Cyber and physical security have been tangled since the beginning when the first security systems were disabled. The convergence of both cyber and physical security systems isn’t a new deal but a developing threat. Due to the technological advancement, more security options have been sought amid in the coverage of new are technologically improved crimes. Cybersecurity has therefore, led to the development and operation of the virtualized security systems. For instance, modern lounges have adopted the HVAC system through which all the access control systems are network-enabled and accessible. Therefore this concludes that a single security breach cannot be able to compromise the entire physical infrastructure of the building. The convergence of security systems is significant and useful since flaws exist in the system due to failure to adhere to the maintenance and protection guides. When both the cyber and physical security systems are connected they operate more effectively since the physical security systems have been augmented with advancement in the smart feature which includes the biometric scanning for a physical address and also the use of the two-factor authentication through the network (George, 2019). The cyber solutions tend to give physical security systems access to great features which also increase the chances and the risk of the system being compromised. However, if these systems are not adequately protected, the risks may disappear, leaving behind only the merits or benefits.

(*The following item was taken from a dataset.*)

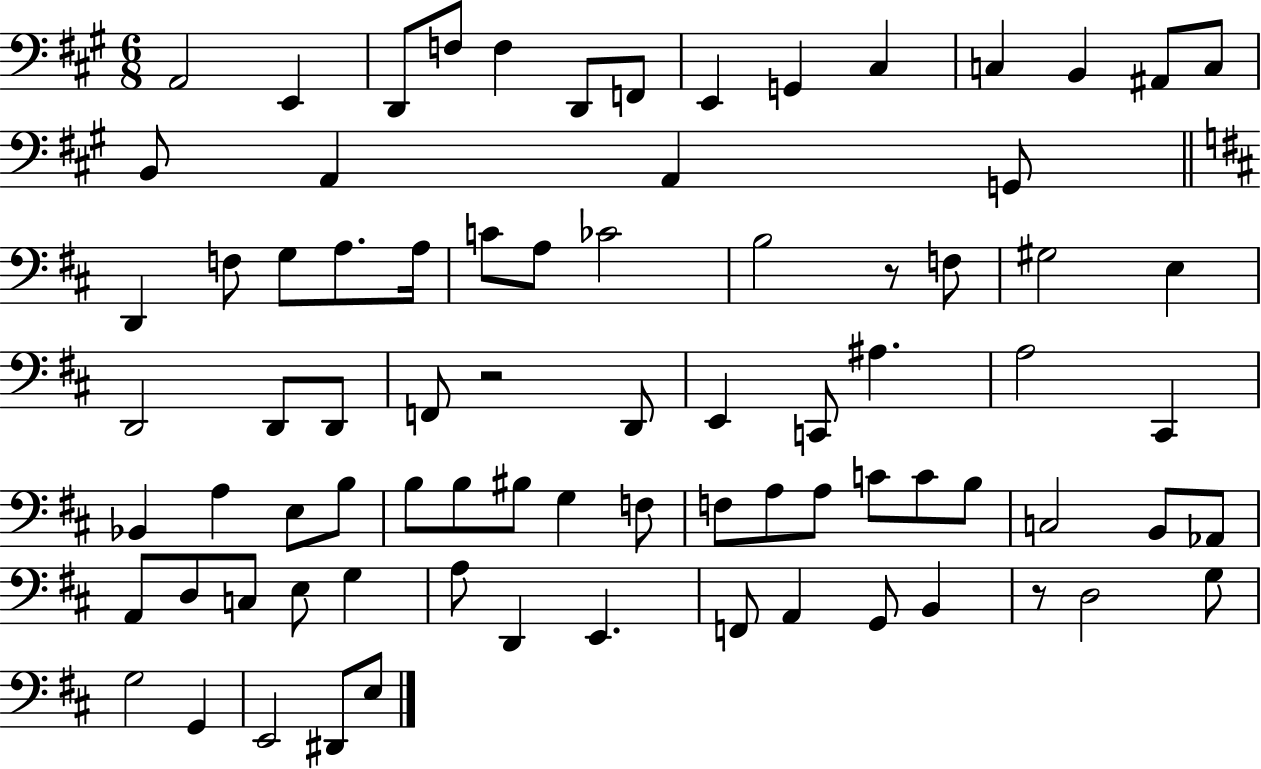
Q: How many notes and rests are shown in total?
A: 80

CEOs and CSOs in the recent past have been accused of incompetence, lack of understanding of the modest impacts of the firm’s overall risk structure. Therefore as a CSO of the cyber and physical security convergence team, one should follow the following steps in ensuring that the systems work effectively in serving the people whom it was dedicated to serving. These steps include;

The new model strategy– It offers a new model of understanding and the mitigation of the threat to the environment. One of the primary duties includes the development and the implementation of strategies to understand the nature and the probability on the eruption of security risk events and alleviation to the business’s specific vulnerabilities. The CSO, therefore, seeks to demonstrate the mitigation methodology and planning on the convergence of the two domains.

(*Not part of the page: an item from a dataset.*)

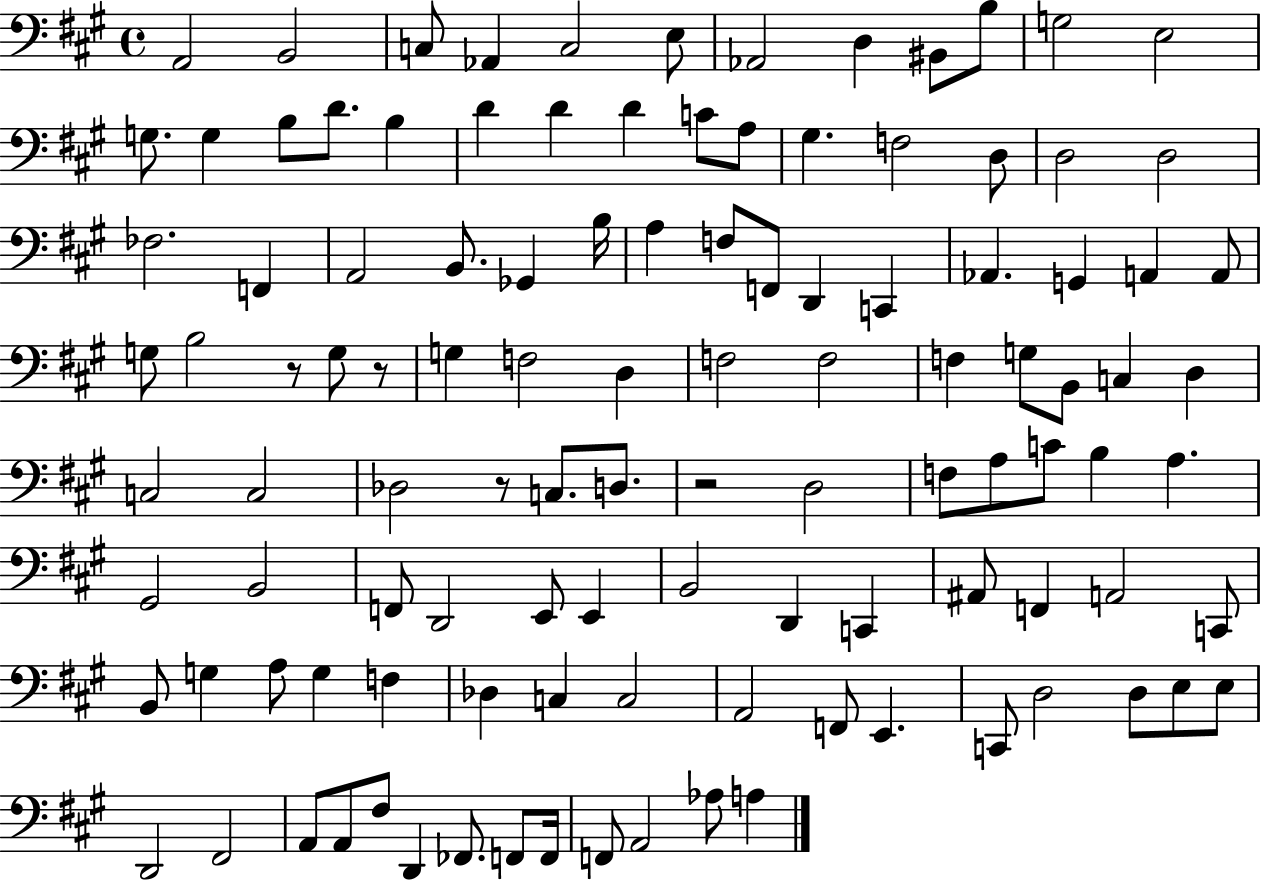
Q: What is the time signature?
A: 4/4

Integration of governance– To cub the future landscape of threats, the CSOs and CEOs should realize that the alliance between the cyber and physical security systems is critical to the safeguarding of the company’s overall reputation and operations. Though skeptics may seek to claim that the integration will not have a place in the corporate businesses concurring with this ideology will, therefore, neglect the convergence of the two security domains (Grover, & Garimella, 2019). Therefore, firms and organizations to fully agree how to adopt this model, the CSOs should face the overcoming challenges and stand along with tangible evidence that seeks to confuse the firms that convergence of the two domains is there to enable the firms to achieve their goals and they should look beyond.

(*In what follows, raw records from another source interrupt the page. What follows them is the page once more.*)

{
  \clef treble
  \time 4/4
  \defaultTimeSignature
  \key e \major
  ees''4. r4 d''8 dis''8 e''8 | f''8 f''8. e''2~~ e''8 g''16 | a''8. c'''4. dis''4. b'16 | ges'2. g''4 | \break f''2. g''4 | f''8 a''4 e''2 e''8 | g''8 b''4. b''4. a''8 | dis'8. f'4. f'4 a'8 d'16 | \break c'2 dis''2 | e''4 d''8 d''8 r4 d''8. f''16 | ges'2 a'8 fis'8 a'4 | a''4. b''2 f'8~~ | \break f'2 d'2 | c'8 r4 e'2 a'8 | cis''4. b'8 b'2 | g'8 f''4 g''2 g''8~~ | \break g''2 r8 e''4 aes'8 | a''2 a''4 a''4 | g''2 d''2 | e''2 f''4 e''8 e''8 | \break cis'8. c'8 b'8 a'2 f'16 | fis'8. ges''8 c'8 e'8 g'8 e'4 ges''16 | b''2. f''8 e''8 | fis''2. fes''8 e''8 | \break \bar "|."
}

The bottom line-This is a pragmatic strategy in the evolving threat environment as it includes a holistic approach towards the integration of the cyber and physical security domains. The implementation of these new methods of governance supports corporate security management which will collectively prepare the firms into addressing the multitude of emerging future threats. Therefore the CSO seeks to play a strategic role in ensuring that the risk management plans and the leverage should not only utilize the convergence framework but also reducing the firm’s exposure to risks.

References

Grover, J., & Garimella, R. M. (2019). Concurrency and Synchronization in Structured Cyber-Physical Systems. In Cyber-Physical Systems: Architecture, Security, and Application (pp. 73-99). Springer, Cham.

George, A. M. (2019). The National Security Implications of Cyberbiosecurity. Frontiers in Bioengineering and Biotechnology, 7, 51.